La question n’est donc pas de supprimer le rationnel, mais de redéfinir sa place.
Ce n’est pas la rationalité qui pose difficulté, mais la place qu’on lui accorde.
Lorsqu’elle devient le cadre dominant, elle peut réduire la complexité des relations ; lorsqu’elle devient un outil, elle peut au contraire les soutenir.
Dans cette logique, l’économique peut réparer ou dominer, le juridique peut protéger ou rigidifier, et le langage peut relier ou masquer.
Tout dépend de leur articulation avec le sensible.
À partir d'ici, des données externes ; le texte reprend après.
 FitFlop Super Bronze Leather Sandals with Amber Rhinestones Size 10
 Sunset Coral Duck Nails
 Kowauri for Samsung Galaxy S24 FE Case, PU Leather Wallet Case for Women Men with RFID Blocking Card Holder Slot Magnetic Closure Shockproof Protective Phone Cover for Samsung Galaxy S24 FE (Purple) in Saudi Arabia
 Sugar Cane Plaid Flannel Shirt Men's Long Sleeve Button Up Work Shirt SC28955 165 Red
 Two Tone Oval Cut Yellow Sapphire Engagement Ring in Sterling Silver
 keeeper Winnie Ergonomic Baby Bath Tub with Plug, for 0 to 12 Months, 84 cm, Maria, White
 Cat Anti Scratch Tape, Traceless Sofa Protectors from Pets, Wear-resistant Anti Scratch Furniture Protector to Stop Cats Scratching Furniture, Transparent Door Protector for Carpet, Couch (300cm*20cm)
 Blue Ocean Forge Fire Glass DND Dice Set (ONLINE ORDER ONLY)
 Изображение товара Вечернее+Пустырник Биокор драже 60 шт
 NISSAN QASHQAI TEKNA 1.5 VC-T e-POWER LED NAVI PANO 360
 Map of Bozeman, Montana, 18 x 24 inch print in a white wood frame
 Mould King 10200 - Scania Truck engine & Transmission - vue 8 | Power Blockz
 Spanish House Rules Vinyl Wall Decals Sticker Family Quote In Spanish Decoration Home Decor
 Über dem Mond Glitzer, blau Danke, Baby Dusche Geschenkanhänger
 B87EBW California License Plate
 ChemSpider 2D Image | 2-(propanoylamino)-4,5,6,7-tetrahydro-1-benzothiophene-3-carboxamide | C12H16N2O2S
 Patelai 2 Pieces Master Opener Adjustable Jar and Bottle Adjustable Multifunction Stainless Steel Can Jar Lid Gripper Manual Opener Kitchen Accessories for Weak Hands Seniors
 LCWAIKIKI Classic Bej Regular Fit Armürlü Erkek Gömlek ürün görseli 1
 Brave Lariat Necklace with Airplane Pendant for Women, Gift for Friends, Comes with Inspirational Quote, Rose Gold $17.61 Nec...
La diplomatie sensible propose ainsi ce déplacement : ne plus faire du rationnel le fondement de la relation, mais un levier au service de celle-ci.
Elle invite à reconnaître que la compréhension précède souvent l’accord, que la reconnaissance précède la négociation, et que la qualité de la relation conditionne la durabilité des compromis.
Les compromis justes ne sont jamais purement logiques ou rationnels, mais ils ne peuvent pas non plus s’en passer.
L’enjeu n’est pas d’opposer raison et émotion. Il est de les réarticuler.
La diplomatie ne peut produire un équilibre durable que si elle reconnaît pleinement ce qui la fonde : la relation humaine, dans toutes ses dimensions.
Et ce, au service même de l’intérêt rationnel.